Oya, karena tujuannya?  jelas untuk menjadi bintang, maka tentu saja syarat pertama agar bisa ikut diseleksi adalah yang punya wajah cantik dan fotogenik. Tahu kan fotogenik? Ya, oke untuk dipotret. Itu artinya pula bagi yang wajahnya PPD alias Pas Pas Deh, harap minggir. Apalagi bagi yang punya tampang fotogeuneuk alias kalo difoto deket sumur, ya, mirip sumur gitu (huahaha). Uppss, sori. Jadi, kalo kamu kebetulan punya tampang yang masih boleh dibilang kurang menarik, dalam aturan dunia model harap mengundurkan diri saja dari persaingan. Kejam amat ya?

Sobat muda muslim, kontes atawa ajang beginian, sebetulnya memang udah diciptakan sebagai sarana untuk menuju tangga popularitas. Dengan kata lain, bagi mereka yang menang kudu siap mental untuk tenar. Tapi pertanyaannya, bahagia dan puaskah kita dengan ketenaran seperti itu? Rasanya, kalopun puas atawa bahagia, itu hanya sesaat dan tentunya semu.
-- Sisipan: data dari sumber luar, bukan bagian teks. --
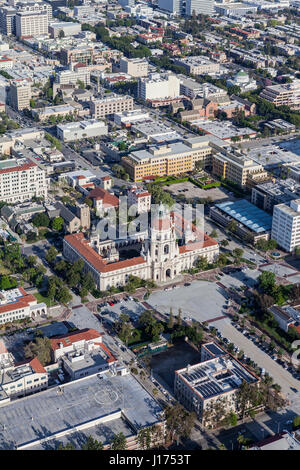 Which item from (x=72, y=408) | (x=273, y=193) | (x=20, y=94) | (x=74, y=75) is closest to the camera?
(x=72, y=408)

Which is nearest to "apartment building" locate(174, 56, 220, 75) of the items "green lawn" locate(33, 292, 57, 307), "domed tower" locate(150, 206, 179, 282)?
"domed tower" locate(150, 206, 179, 282)

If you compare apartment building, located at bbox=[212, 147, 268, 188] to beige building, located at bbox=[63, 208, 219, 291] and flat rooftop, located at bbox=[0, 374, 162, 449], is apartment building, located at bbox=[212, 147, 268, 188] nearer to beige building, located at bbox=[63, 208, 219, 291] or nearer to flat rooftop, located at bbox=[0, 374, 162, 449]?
beige building, located at bbox=[63, 208, 219, 291]

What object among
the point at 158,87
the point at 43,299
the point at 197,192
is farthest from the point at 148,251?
the point at 158,87

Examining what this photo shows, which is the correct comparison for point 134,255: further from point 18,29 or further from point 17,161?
point 18,29

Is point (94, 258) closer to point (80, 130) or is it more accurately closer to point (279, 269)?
point (279, 269)

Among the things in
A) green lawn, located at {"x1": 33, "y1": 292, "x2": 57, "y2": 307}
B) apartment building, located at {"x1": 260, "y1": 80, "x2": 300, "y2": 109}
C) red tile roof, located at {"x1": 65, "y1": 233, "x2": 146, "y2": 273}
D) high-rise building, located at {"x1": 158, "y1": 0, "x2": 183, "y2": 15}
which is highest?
high-rise building, located at {"x1": 158, "y1": 0, "x2": 183, "y2": 15} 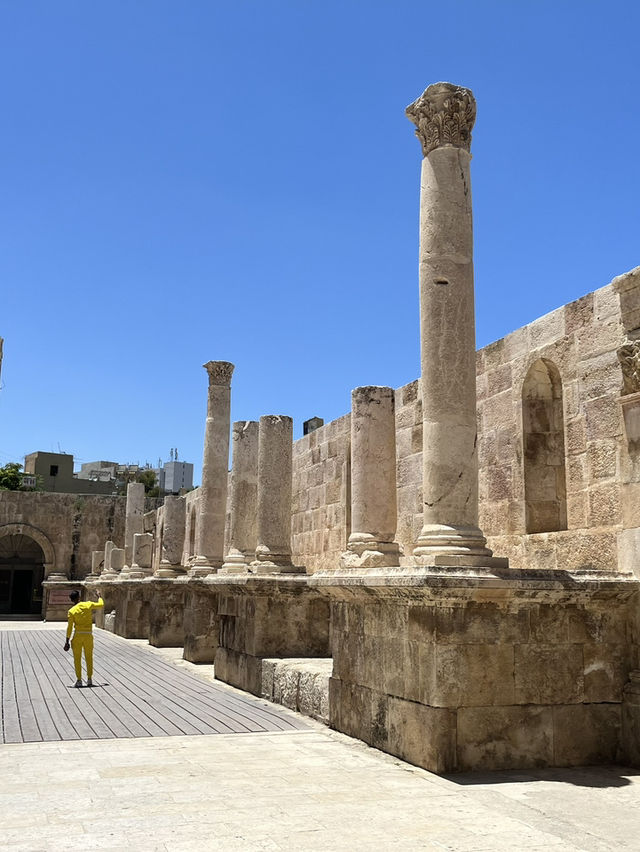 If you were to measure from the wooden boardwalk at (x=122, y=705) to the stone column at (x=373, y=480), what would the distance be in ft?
5.75

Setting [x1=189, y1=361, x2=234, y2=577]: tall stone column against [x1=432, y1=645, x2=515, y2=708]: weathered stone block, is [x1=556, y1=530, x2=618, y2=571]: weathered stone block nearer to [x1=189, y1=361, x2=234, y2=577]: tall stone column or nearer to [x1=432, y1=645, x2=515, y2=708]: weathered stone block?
[x1=432, y1=645, x2=515, y2=708]: weathered stone block

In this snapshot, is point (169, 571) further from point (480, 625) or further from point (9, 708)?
point (480, 625)

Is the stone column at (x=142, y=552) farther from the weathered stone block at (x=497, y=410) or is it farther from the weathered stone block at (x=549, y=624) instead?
the weathered stone block at (x=549, y=624)

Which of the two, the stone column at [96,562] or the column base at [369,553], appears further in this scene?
the stone column at [96,562]

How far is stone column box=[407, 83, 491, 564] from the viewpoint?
6688 mm

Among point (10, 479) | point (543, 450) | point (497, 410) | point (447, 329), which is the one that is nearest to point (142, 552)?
point (497, 410)

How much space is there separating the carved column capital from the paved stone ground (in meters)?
2.79

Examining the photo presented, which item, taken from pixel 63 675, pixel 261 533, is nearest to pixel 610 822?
pixel 261 533

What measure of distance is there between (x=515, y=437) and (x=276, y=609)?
3580 millimetres

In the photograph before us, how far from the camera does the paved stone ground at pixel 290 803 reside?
4453 mm

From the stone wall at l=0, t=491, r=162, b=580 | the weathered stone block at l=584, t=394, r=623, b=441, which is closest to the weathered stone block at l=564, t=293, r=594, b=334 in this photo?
the weathered stone block at l=584, t=394, r=623, b=441

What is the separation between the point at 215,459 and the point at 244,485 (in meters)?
2.80

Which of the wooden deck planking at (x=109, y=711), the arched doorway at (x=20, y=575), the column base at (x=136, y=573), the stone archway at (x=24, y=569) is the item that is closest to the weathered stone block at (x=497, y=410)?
the wooden deck planking at (x=109, y=711)

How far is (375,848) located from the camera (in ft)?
14.2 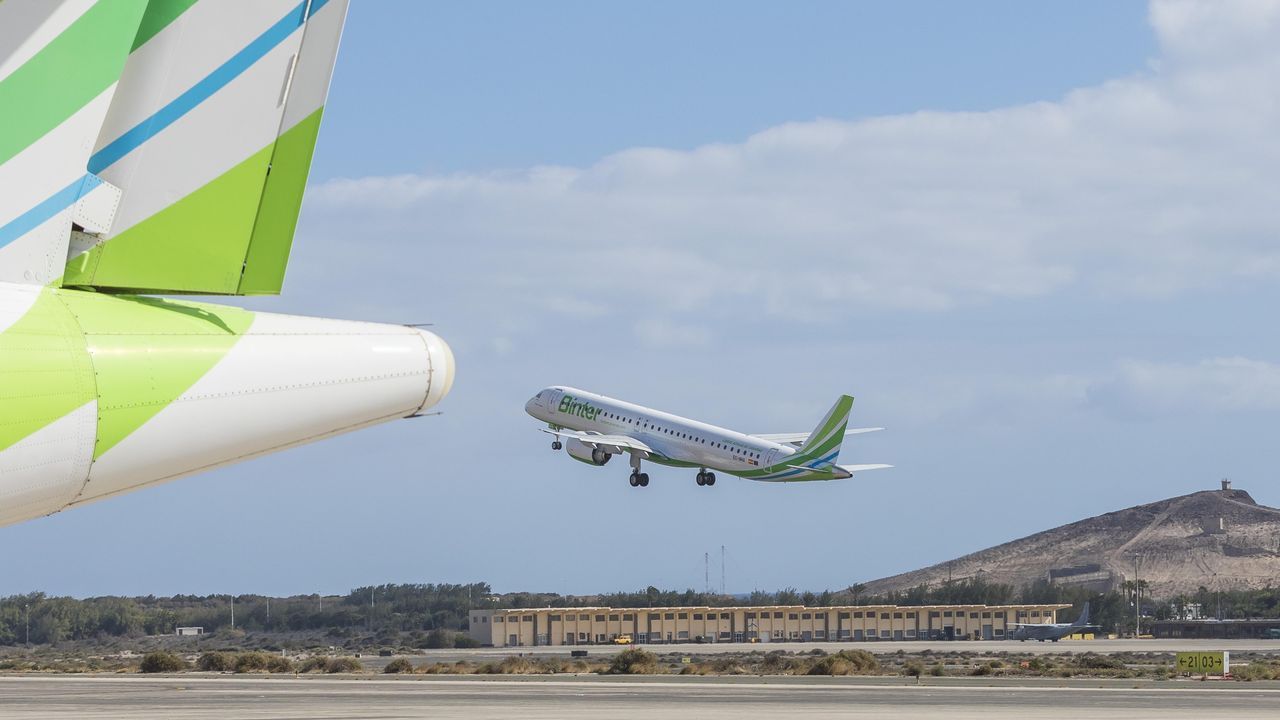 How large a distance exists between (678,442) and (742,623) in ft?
109

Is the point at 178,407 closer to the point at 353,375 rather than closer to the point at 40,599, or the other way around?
the point at 353,375

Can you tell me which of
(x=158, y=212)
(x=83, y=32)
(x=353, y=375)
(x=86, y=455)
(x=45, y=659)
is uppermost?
(x=83, y=32)

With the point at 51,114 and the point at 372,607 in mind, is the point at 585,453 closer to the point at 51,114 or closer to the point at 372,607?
the point at 372,607

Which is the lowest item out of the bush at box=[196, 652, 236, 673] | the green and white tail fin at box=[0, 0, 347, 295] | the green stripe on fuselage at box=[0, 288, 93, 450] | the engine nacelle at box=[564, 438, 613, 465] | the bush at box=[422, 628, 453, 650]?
the bush at box=[422, 628, 453, 650]

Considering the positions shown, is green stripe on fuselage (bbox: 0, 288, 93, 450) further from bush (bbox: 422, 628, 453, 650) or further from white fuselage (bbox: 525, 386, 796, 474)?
bush (bbox: 422, 628, 453, 650)

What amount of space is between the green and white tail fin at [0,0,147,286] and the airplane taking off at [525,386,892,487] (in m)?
68.8

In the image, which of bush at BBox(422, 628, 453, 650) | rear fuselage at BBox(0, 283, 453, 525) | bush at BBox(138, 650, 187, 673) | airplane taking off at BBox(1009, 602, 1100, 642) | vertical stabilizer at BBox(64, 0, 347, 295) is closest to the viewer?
rear fuselage at BBox(0, 283, 453, 525)

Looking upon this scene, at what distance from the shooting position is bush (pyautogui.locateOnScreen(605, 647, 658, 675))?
5509 cm

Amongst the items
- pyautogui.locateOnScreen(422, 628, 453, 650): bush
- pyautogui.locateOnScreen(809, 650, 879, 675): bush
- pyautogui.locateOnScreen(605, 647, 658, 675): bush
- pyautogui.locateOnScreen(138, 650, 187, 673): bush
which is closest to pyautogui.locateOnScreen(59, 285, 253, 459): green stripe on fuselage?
pyautogui.locateOnScreen(809, 650, 879, 675): bush

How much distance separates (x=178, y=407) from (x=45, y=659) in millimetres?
79938

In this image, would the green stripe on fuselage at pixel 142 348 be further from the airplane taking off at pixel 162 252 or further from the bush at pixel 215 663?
the bush at pixel 215 663

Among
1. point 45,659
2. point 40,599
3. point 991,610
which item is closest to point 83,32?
point 45,659

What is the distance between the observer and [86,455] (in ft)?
26.2

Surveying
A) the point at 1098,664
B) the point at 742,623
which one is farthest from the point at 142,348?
the point at 742,623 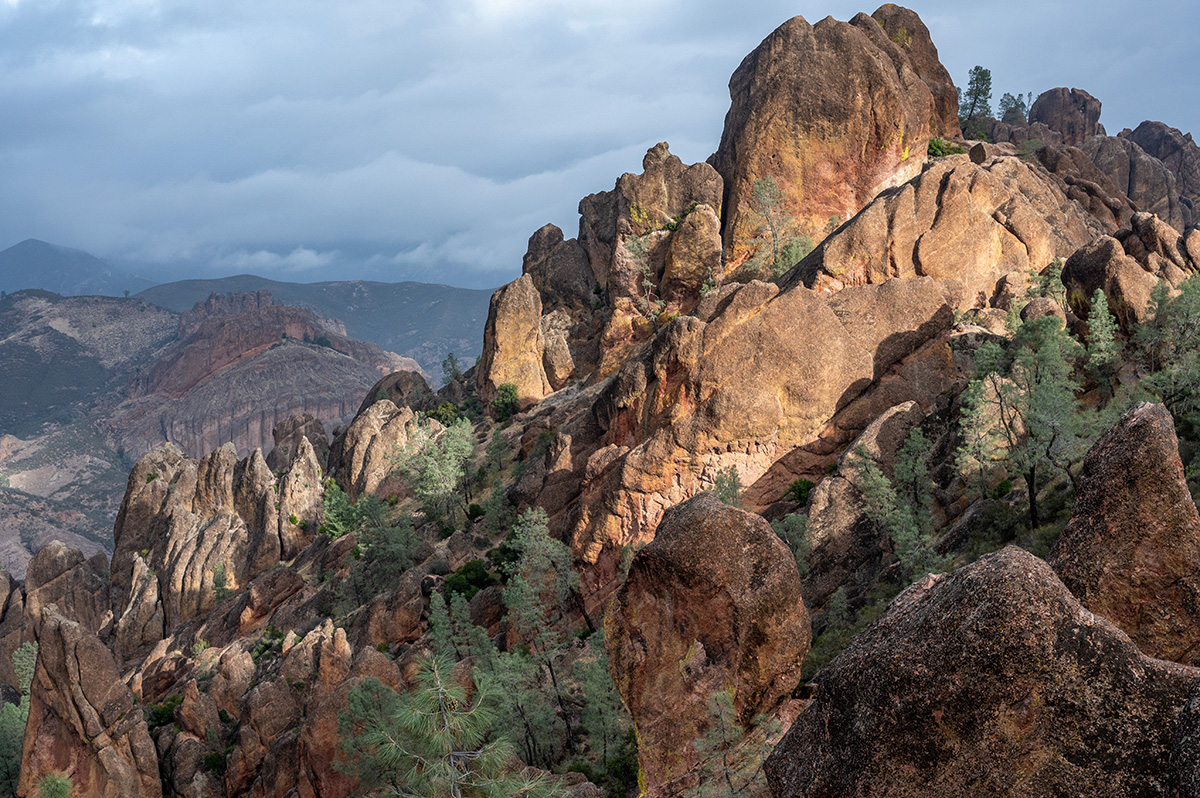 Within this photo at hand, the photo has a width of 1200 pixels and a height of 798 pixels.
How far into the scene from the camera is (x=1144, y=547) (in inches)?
542

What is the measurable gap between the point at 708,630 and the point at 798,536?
16.1 m

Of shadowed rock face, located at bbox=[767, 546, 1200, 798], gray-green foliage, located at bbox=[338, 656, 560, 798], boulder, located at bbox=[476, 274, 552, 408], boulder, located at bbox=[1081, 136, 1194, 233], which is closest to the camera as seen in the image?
shadowed rock face, located at bbox=[767, 546, 1200, 798]

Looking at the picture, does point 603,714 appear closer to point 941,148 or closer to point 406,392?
point 941,148

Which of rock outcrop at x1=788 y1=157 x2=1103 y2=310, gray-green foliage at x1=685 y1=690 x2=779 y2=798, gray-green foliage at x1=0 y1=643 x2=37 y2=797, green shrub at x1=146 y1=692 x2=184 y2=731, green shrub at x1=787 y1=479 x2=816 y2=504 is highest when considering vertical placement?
rock outcrop at x1=788 y1=157 x2=1103 y2=310

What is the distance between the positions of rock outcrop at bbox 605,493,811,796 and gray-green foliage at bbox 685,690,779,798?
1409 mm

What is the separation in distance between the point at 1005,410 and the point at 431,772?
3039 centimetres

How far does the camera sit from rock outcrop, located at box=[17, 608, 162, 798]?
4631cm

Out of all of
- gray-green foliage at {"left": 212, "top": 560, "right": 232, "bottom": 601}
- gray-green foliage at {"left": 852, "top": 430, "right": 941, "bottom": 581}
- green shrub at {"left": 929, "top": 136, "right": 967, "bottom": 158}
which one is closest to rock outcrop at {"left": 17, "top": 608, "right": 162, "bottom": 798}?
gray-green foliage at {"left": 212, "top": 560, "right": 232, "bottom": 601}

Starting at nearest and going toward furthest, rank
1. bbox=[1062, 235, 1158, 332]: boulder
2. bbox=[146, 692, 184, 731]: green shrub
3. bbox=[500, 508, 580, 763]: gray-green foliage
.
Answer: bbox=[500, 508, 580, 763]: gray-green foliage, bbox=[1062, 235, 1158, 332]: boulder, bbox=[146, 692, 184, 731]: green shrub

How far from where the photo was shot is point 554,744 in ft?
128

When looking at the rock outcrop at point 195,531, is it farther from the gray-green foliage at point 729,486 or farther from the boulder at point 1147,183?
the boulder at point 1147,183

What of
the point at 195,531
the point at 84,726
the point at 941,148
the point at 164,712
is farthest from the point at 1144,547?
the point at 195,531

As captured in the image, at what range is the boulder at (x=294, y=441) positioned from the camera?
384ft

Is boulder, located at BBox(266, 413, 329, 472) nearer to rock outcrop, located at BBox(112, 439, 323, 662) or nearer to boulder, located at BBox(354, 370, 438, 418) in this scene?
boulder, located at BBox(354, 370, 438, 418) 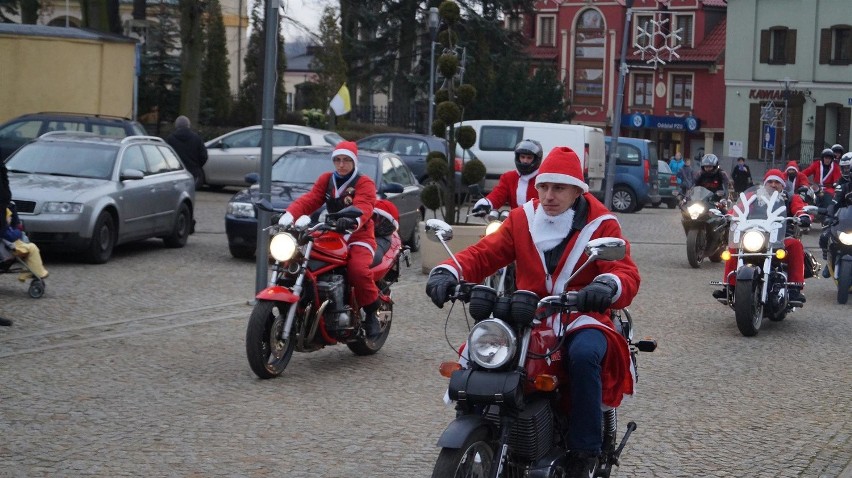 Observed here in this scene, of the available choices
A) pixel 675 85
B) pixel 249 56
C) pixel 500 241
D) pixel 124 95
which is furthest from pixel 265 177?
pixel 675 85

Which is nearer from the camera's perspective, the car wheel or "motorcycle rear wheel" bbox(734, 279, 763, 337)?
"motorcycle rear wheel" bbox(734, 279, 763, 337)

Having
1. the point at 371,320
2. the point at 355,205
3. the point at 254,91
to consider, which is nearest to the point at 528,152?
the point at 355,205

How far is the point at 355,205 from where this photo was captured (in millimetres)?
10422

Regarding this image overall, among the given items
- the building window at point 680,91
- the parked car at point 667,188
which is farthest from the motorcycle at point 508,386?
the building window at point 680,91

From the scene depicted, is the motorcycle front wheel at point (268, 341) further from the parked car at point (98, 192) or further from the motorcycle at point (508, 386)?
the parked car at point (98, 192)

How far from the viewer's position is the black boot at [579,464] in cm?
570

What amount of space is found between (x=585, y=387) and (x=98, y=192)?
11.7 meters

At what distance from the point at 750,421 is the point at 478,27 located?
44114mm

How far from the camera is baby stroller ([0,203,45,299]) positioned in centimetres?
1273

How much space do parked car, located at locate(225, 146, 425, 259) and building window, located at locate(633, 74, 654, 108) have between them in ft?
181

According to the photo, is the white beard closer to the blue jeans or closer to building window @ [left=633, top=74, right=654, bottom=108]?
the blue jeans

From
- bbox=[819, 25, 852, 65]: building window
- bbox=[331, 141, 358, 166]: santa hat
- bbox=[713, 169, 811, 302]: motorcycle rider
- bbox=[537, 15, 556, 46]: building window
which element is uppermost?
bbox=[537, 15, 556, 46]: building window

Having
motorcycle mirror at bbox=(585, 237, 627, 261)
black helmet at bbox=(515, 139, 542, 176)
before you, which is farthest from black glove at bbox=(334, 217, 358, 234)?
motorcycle mirror at bbox=(585, 237, 627, 261)

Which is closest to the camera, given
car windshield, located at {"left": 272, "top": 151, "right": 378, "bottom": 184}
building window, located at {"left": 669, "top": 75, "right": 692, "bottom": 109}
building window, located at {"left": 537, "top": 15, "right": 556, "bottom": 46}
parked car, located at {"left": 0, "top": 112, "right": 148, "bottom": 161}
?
car windshield, located at {"left": 272, "top": 151, "right": 378, "bottom": 184} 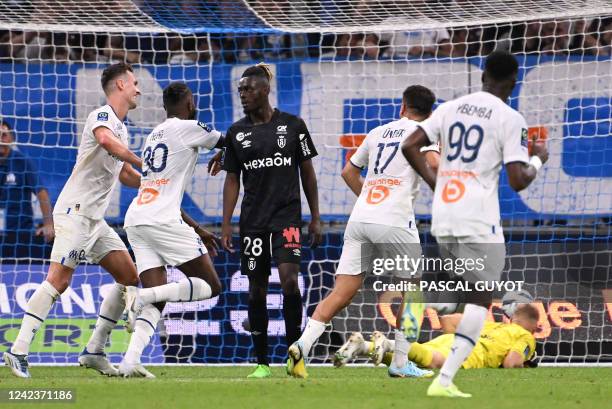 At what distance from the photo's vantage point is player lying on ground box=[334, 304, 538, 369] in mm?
9375

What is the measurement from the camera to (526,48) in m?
12.8

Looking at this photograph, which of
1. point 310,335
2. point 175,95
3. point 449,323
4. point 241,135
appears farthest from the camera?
point 449,323

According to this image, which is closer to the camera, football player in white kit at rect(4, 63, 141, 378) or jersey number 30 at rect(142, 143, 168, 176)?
jersey number 30 at rect(142, 143, 168, 176)

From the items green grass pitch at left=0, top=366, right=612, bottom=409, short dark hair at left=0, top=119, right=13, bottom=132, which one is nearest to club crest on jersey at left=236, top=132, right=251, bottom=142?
green grass pitch at left=0, top=366, right=612, bottom=409

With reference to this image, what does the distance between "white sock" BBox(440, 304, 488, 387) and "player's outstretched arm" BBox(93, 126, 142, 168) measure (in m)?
2.98

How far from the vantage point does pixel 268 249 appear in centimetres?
880

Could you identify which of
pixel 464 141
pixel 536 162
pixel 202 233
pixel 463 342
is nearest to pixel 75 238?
pixel 202 233

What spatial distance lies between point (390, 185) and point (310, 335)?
1.26 meters

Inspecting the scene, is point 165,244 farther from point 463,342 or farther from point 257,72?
point 463,342

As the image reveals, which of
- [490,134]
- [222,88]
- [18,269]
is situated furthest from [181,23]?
[490,134]

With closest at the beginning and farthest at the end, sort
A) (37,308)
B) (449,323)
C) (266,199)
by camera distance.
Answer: (266,199) < (37,308) < (449,323)

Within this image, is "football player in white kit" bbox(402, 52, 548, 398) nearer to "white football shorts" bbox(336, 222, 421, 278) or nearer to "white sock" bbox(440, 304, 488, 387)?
"white sock" bbox(440, 304, 488, 387)

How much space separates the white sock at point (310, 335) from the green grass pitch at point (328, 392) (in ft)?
0.75

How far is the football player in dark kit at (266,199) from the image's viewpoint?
8.75m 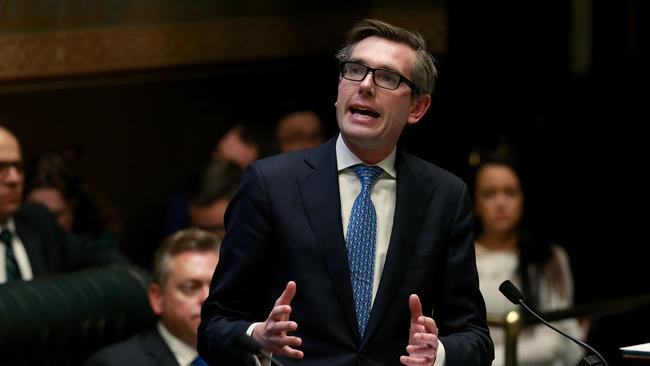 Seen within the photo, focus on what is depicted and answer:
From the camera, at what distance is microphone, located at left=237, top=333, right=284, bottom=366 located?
2.79m

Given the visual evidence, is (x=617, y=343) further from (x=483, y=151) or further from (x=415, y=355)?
(x=415, y=355)

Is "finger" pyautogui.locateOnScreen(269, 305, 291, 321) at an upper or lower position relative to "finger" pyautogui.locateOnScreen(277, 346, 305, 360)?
upper

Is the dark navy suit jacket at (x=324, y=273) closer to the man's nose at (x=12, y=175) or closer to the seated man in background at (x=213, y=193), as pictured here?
the man's nose at (x=12, y=175)

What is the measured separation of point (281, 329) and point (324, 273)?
23 centimetres

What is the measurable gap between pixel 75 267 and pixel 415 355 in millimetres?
2537

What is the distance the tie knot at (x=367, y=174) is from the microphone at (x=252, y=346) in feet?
1.46

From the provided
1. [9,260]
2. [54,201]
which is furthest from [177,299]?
[54,201]

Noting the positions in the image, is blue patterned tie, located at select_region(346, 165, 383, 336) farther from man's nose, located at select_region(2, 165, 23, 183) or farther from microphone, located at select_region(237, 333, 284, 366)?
man's nose, located at select_region(2, 165, 23, 183)

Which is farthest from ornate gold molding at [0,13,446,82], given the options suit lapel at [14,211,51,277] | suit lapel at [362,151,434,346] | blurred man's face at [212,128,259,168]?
suit lapel at [362,151,434,346]

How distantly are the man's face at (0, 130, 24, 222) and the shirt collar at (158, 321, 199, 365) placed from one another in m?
0.74

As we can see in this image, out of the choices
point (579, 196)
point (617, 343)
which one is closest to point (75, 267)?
point (617, 343)

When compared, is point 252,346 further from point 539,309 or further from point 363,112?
point 539,309

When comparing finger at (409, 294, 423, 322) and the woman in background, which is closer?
finger at (409, 294, 423, 322)

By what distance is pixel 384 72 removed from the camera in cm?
305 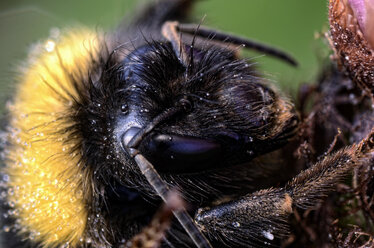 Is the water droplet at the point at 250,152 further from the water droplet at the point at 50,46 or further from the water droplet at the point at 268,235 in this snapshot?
the water droplet at the point at 50,46

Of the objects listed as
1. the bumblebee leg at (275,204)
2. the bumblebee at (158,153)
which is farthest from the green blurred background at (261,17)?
Result: the bumblebee leg at (275,204)

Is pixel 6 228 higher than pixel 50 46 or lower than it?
lower

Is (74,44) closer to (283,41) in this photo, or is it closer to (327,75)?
(327,75)

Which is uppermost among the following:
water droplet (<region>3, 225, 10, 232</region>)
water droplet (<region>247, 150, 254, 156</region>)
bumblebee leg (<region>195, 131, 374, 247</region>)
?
water droplet (<region>3, 225, 10, 232</region>)

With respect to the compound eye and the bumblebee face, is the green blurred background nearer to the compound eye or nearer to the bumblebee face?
the bumblebee face

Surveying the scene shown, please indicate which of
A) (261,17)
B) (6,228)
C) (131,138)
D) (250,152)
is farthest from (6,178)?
(261,17)

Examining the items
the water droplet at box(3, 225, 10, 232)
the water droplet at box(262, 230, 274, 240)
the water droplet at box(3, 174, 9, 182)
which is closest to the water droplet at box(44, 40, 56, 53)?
the water droplet at box(3, 174, 9, 182)

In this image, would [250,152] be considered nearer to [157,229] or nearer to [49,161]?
[157,229] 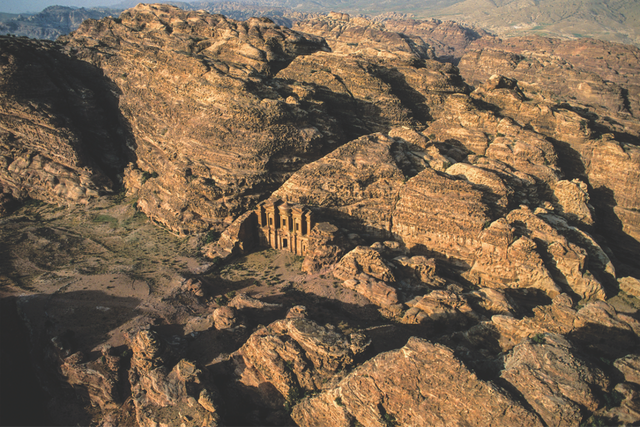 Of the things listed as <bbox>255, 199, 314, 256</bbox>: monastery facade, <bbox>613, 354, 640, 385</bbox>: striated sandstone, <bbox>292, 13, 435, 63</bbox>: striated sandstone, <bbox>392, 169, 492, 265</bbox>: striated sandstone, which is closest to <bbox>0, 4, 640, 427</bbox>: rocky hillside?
<bbox>613, 354, 640, 385</bbox>: striated sandstone

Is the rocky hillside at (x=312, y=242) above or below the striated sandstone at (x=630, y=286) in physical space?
above

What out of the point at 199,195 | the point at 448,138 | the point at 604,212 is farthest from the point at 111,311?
the point at 604,212

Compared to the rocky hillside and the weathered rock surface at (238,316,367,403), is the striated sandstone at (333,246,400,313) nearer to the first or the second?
the rocky hillside

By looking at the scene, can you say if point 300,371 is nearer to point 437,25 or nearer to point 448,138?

Ini kalo menurut kacamata Islam, lho. Dan memang hanya inilah standar penilaian yang kudu kita gunakan. Bukan yang lain. Dalam pandangan Islam, makna kebahagiaan adalah tercapainya ridho Allah. Bukan banyaknya materi atau pujian dari orang atas ketenaran kita. Bukan, bukan itu. Lagipula, kegiatan seperti itu hanya menumbuhkan semangat konsumtif dan kehidupan yang salah arah. Salah arah? Iya, soalnya melenceng dari dari tujuan hidup seorang muslim. Udah gitu…

Nggak produktif!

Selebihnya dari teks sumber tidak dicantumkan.